The move, which has stirred up significant controversy, now puts soft drinks in the same category as alcohol and tobacco, which also require warning labels in advertisements.

The labels would read: “WARNING: Drinking beverages with added sugar(s) contributes to obesity, diabetes, and tooth decay. This is a message from the City and County of San Francisco.” Any beverage with 25 calories per every 12 ounces would require the label, reports CNNMoney.

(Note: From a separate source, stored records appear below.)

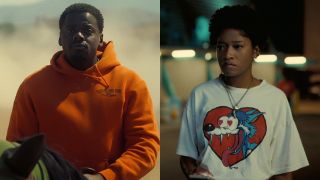 From left to right: Daniel Kaluuya in a orange hoodie and Keke Palmer in a vintage t-shirt in Nope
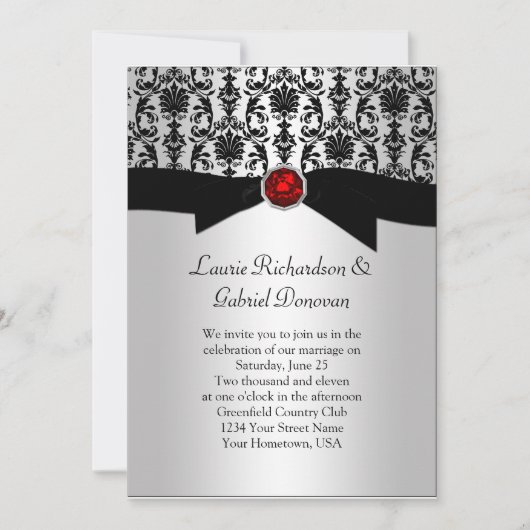 Black and Silver Damask Red Jewel Wedding Invite Kaart (Voorkant)
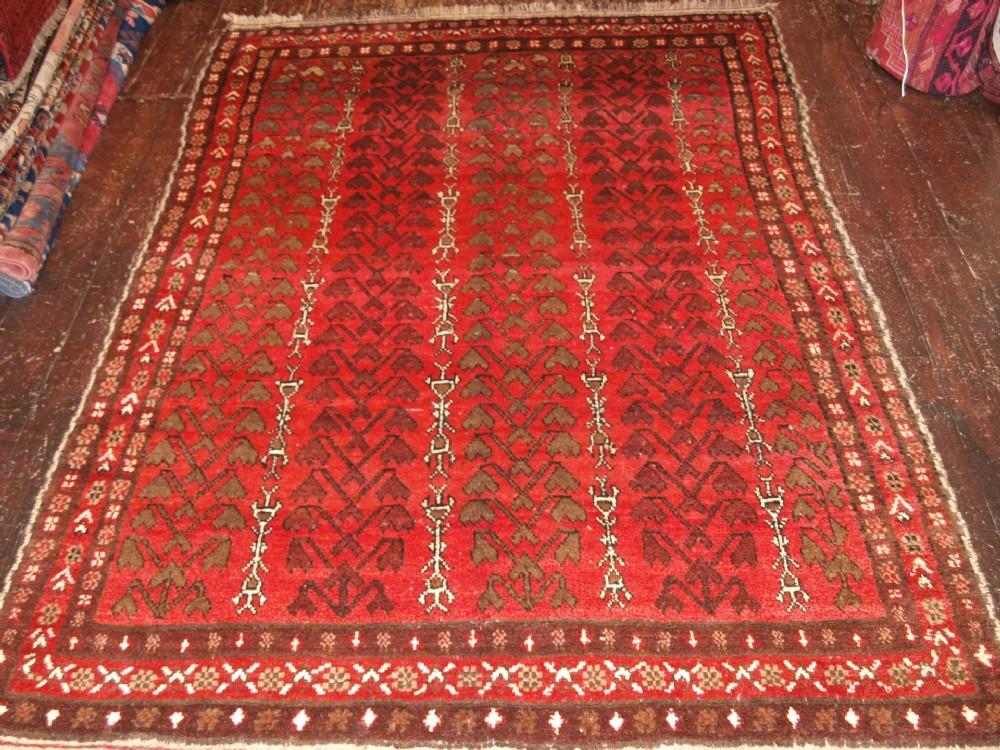 old afghan village rug of unusual design superb soft wool about 60 years old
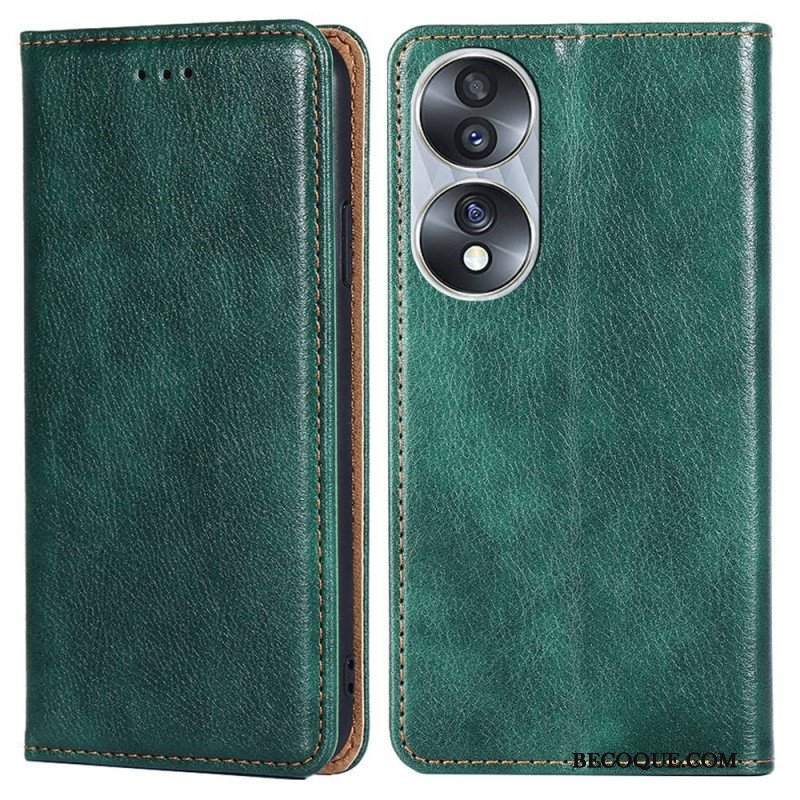 Etui Na Telefon do Honor 70 Etui Folio Przeszycia Ze Sztucznej Skóry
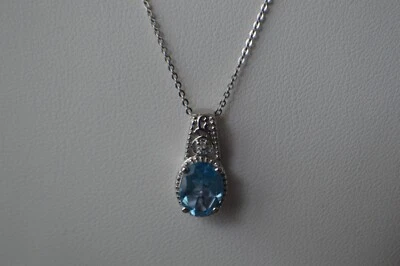 2.14ct Marambia Blue Topaz/Zircon Pendant w/ 20" Chain Platinum over Fine Silver - Image 1 of 4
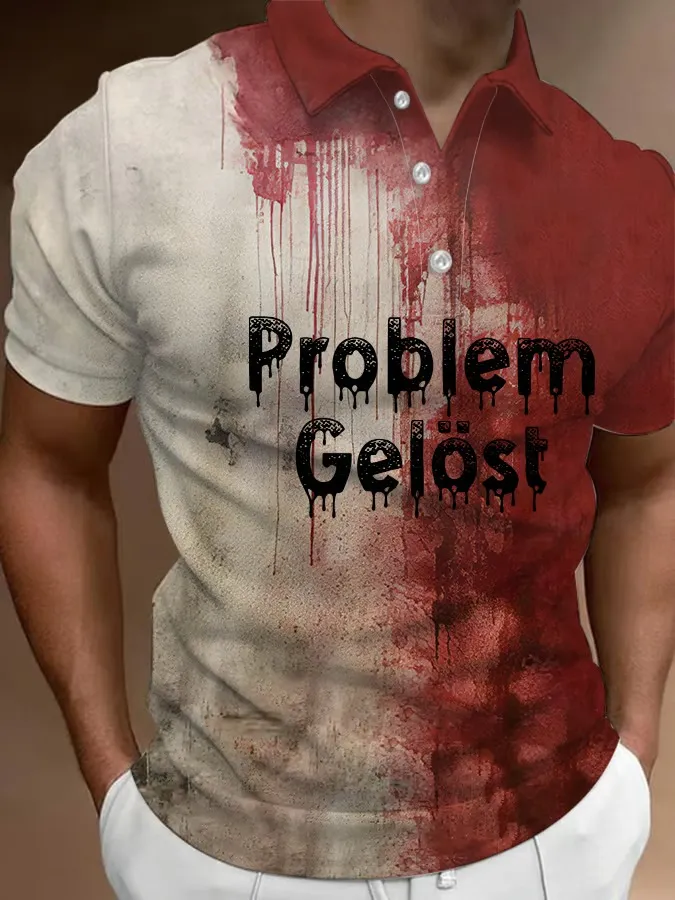 Men'S Bloody Problem Solved Halloween Print Polo Shirt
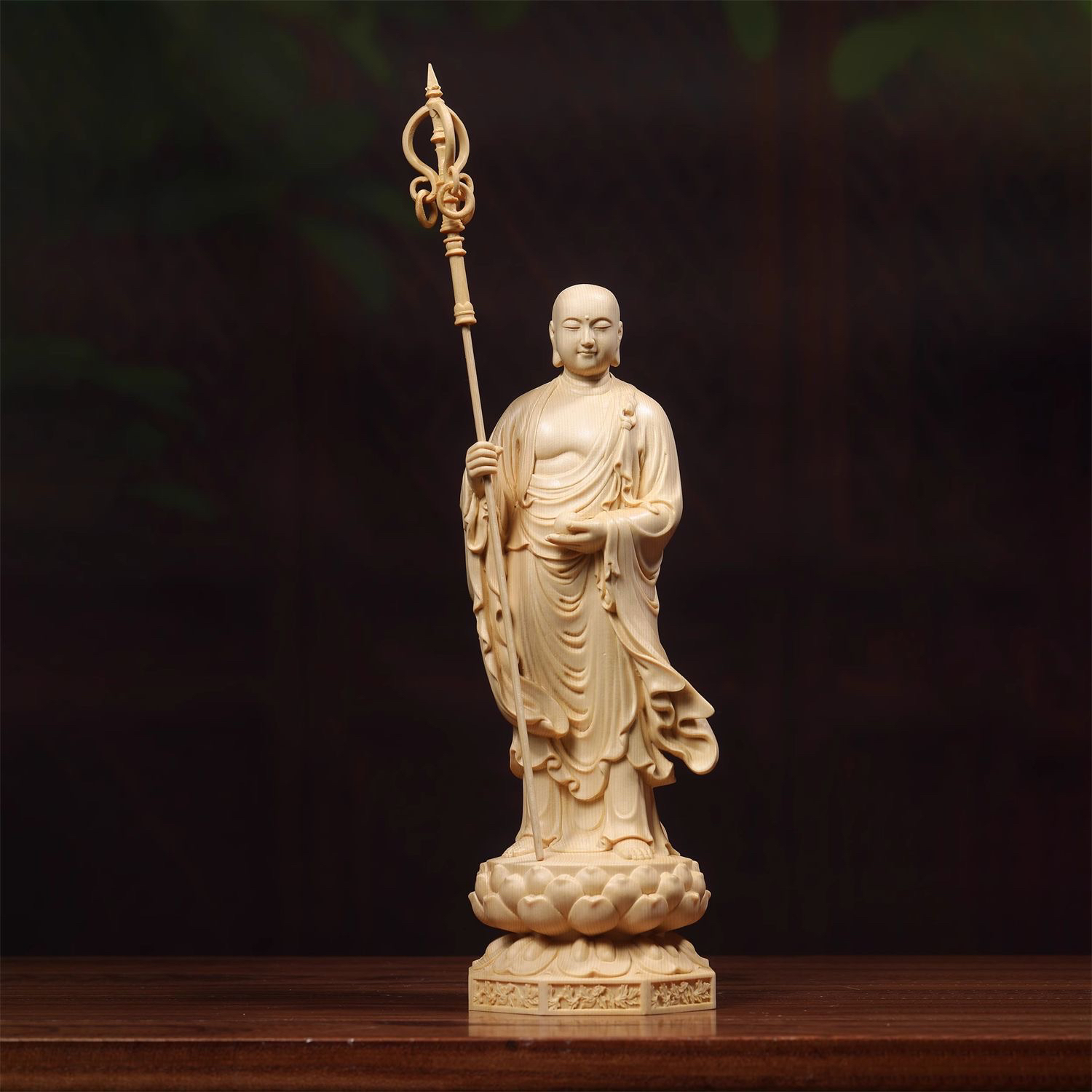 桧木实心实木雕刻地藏王佛像摆件家居装饰玄关供台工艺品家居神像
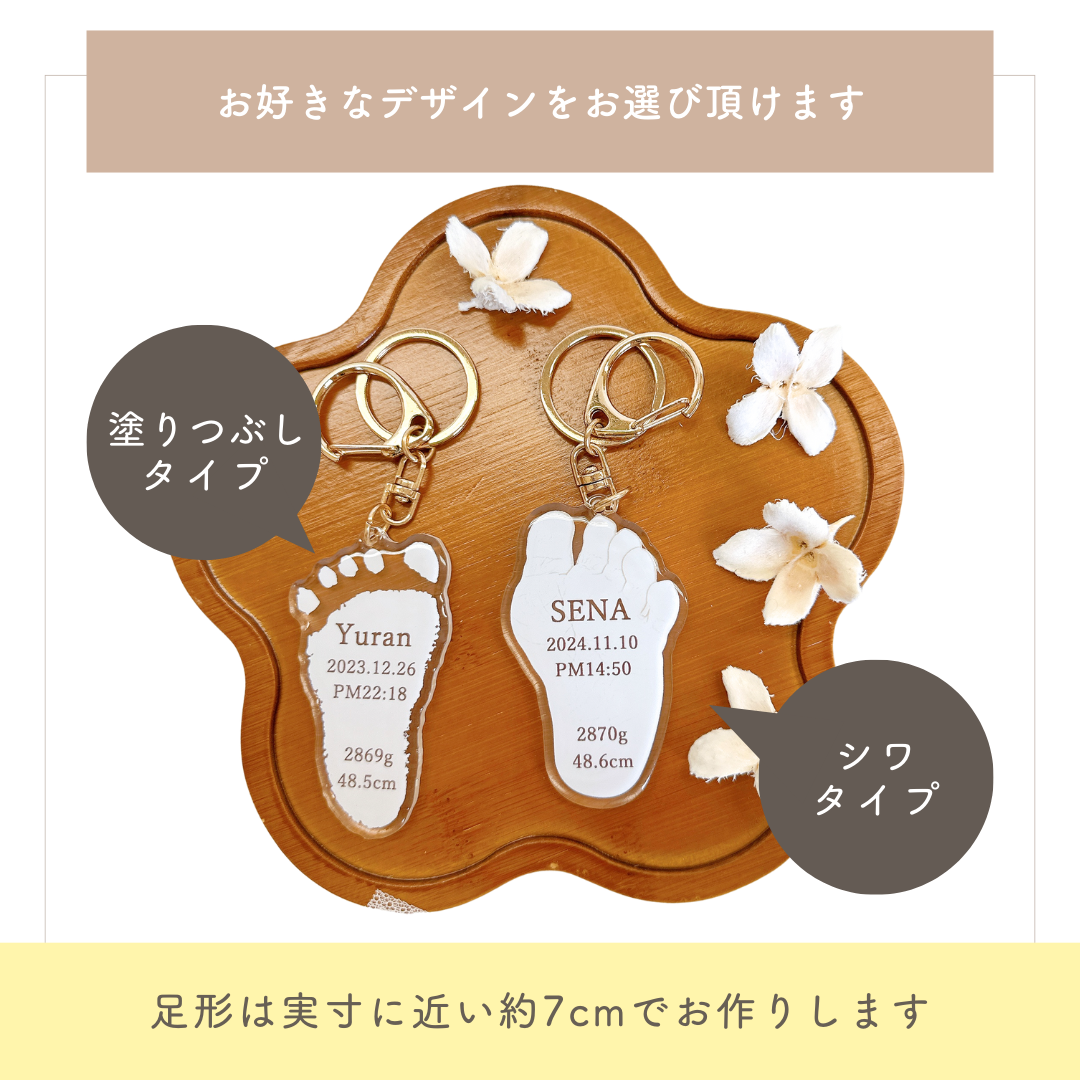 ぷくぷく アクリル 手形 キーホルダー kids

“Requiring health warnings on soda ads also makes clear that these drinks aren’t harmless — indeed, quite the opposite — and that the puppies, unicorns, and rainbows depicted in soda ads aren’t reality,” Supervisor Scott Wiener, one of the 11-member board that unanimously approved the measure, said in a statement. “These drinks are making people sick, and we need to make that clear to the public.”

The American Beverage Association, which represents the $141 billion beverage industry, issued a statement saying San Francisco’s board of supervisors want to “demonize beverages with false claims about health.”

“The San Francisco proposal is not intended to help consumers, nor will it impact public health,” the ABA said in a statement. “Instead it attempts only to frighten consumers by providing misleading labeling about products that are safe and can be part of a balanced diet.”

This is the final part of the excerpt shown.